MARX Violin Sonata (No. 1) in A major (1913)
Joseph Marx (1882-1964)
Tobias Ringborg (violin), Daniel Blumenthal (piano)
PAVANE ADW7378 (58:36)
The name Joseph Marx surfaces occasionally in song recitals—those luxuriant, post-Straussian orchestral songs that seem to gather up all the hothouse perfume of fin-de-siècle Vienna and distill it into something almost too rich for modern consumption. But Marx as a chamber composer? That’s less familiar territory, though this Violin Sonata suggests it shouldn’t be.
Written in 1913, the work arrives at a curious moment. Schoenberg had already composed his Pierrot lunaire; Berg was sketching Wozzeck. Yet Marx—critic, theorist, teacher—remained devoted to a tonal language so sumptuous, so unabashedly Romantic, that even Korngold might have blushed. The opening Allegro presents a first theme of such ingratiating warmth that you half expect it to apologize for its own beauty. It doesn’t. Instead, Marx spins out his materials with a confidence that borders on the reckless, piling chromatic sequences upon modulations, thickening the piano texture until it threatens to overwhelm the violin’s line.
Tobias Ringborg navigates this treacherous partnership with intelligence and a tone that—while not especially distinctive—possesses sufficient body to project through Blumenthal’s often densely-voiced accompaniment. The slow movement proves revelatory: a Romanze that eschews salon sentiment for something more searching, more inward. Here Ringborg’s vibrato, employed with restraint, allows the melodic line to unfold with genuine pathos. Blumenthal, who tends toward thickness elsewhere, lightens his touch, and the dialogue achieves real intimacy.
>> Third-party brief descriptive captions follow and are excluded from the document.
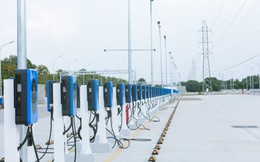 Công ty của tỷ phú Phạm Nhật Vượng vận hành trạm sạc ô tô điện lớn nhất Việt Nam: Hơn 1.000 vị trí đỗ, 866 cổng sạc tại Long Biên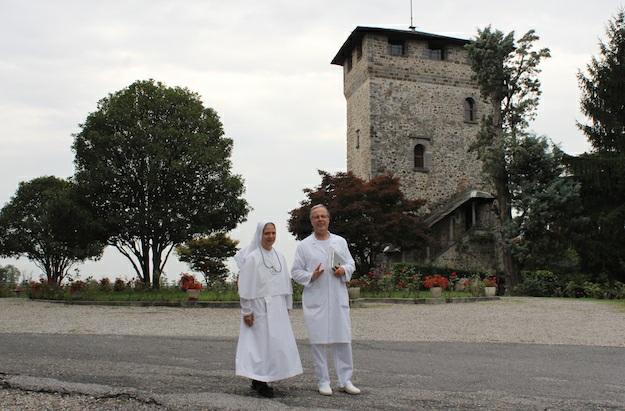 Suor Faustina con il dottor Molteni davanti alla torre di Tregolo "Innovazione: dono o missione?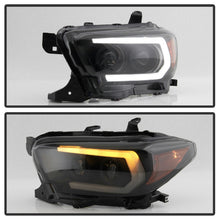 Cargar imagen en el visor de la galería, Spyder Toyota Tacoma 16-18 (SR5 Model Only) Projector Headlights Black Smoke PRO-YD-TT16-LB-BSM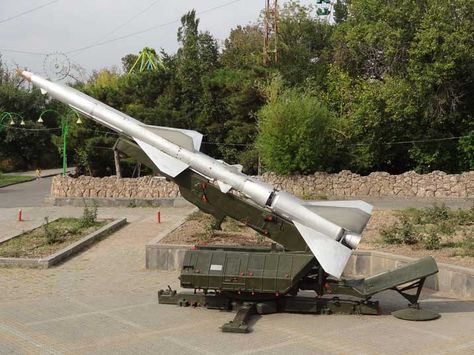 Vào nửa cuối năm 1962, các nhân viên của CIA và Cơ quan Tình báo Quốc phòng bắt đầu luyện tập đánh cắp tên lửa SAM-2, tại một căn cứ ở Florida. Khi đó, họ chế một thiết bị tương tự như “cánh tay sắt” dưới trực thăng, cố gắng cẩu một đoạn ống sắt dài 10m vào khoang xe tải, để mô phỏng mang tên lửa.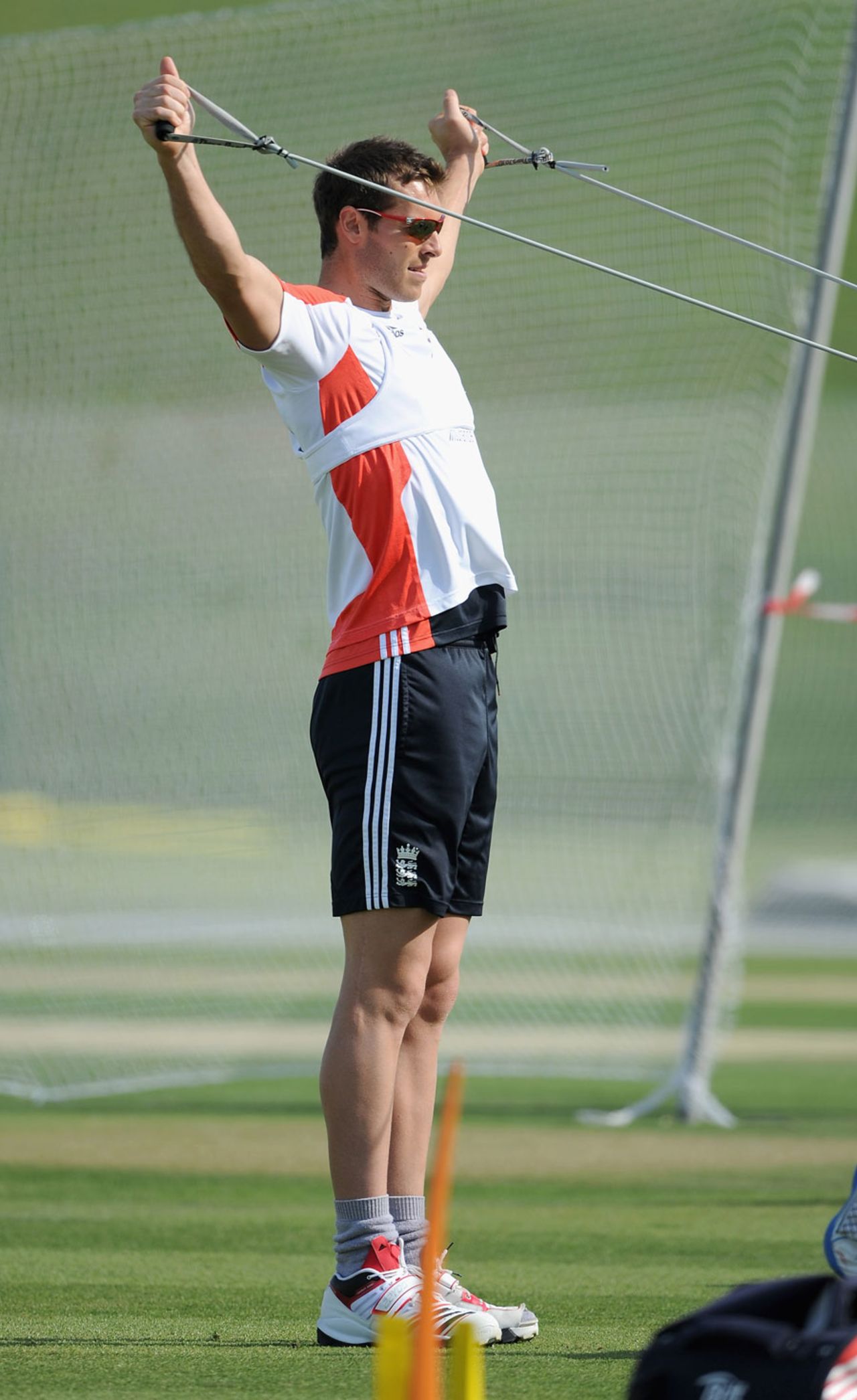 Chris Tremlett in resistance training during England practise, Abu Dhabi, January, 23, 2012
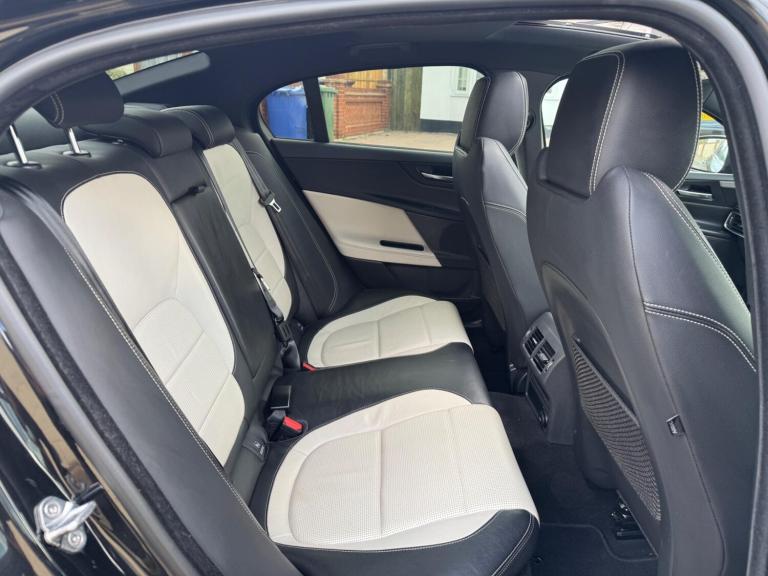 2017 Jaguar XE 2.0d R-Sport Auto Euro 6 (s/s) 4dr SALOON Diesel Automatic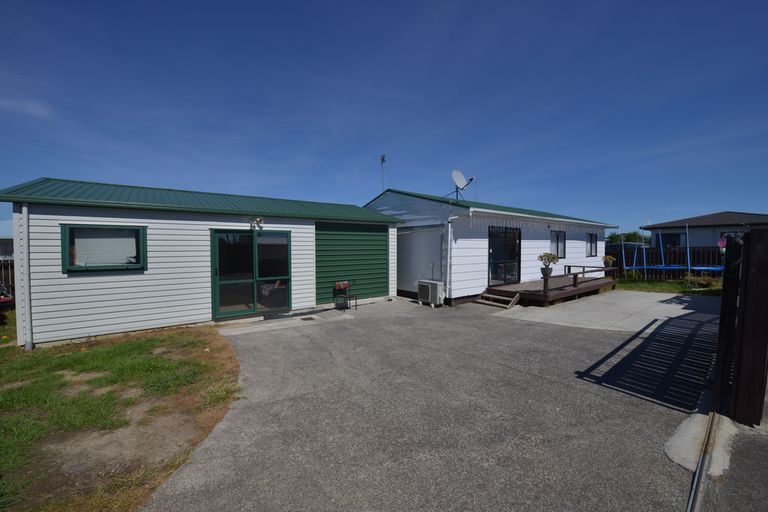 Photo of property in 2/83 Templeton Place, Clendon Park, Auckland, 2103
The Scherzo dances with Viennese grace—nothing revolutionary, but executed with élan. One notices Ringborg’s clean articulation in the off-beat accents, the way he shapes the phrases to suggest both playfulness and an underlying melancholy that was perhaps inevitable for a work composed on the eve of catastrophe.
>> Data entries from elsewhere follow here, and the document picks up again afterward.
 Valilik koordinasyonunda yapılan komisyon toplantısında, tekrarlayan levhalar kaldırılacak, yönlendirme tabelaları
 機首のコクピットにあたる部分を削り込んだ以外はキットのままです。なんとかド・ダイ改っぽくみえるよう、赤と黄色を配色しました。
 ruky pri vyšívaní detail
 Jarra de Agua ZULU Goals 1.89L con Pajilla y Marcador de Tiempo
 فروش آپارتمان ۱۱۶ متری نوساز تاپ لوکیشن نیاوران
But it’s the finale that reveals Marx’s ambitions most nakedly. This is big music, grandiloquent and unapologetic, demanding virtuosity from both players. The piano part, in particular, requires a soloist’s temperament—those cascading octaves, the relentless double notes. Blumenthal rises to the occasion, though I’d have welcomed more transparency in the dense passages where Marx’s counterpoint—and yes, there’s more structural sophistication here than one might expect—deserves to register clearly.
The 1993 Brussels album captures the partnership in honest, slightly dry acoustics. Nothing glamorous, but the detail is there. One hears the rosin on the bow, the pianist’s breathing in the quieter passages. The balance slightly favors the piano, which may reflect the score’s demands as much as engineering choice.
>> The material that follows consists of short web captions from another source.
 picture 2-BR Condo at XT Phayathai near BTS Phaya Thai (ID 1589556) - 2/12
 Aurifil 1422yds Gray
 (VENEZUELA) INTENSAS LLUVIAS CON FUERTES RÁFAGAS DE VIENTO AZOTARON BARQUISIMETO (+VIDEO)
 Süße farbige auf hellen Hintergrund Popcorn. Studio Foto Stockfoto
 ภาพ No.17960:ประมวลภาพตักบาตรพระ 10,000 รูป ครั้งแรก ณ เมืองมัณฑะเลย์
Marx’s Sonata won’t displace the Franck or the Brahms sonatas from anyone’s affections. It’s too diffuse, too willing to luxuriate when it should drive forward. Yet there’s something touching about its unashamed Romanticism, its refusal to acknowledge that the musical world had already moved on. Ringborg and Blumenthal serve it well—not with revelatory insight, perhaps, but with committed professionalism and evident affection. For those curious about the byways of early twentieth-century Viennese chamber music, this makes a persuasive case.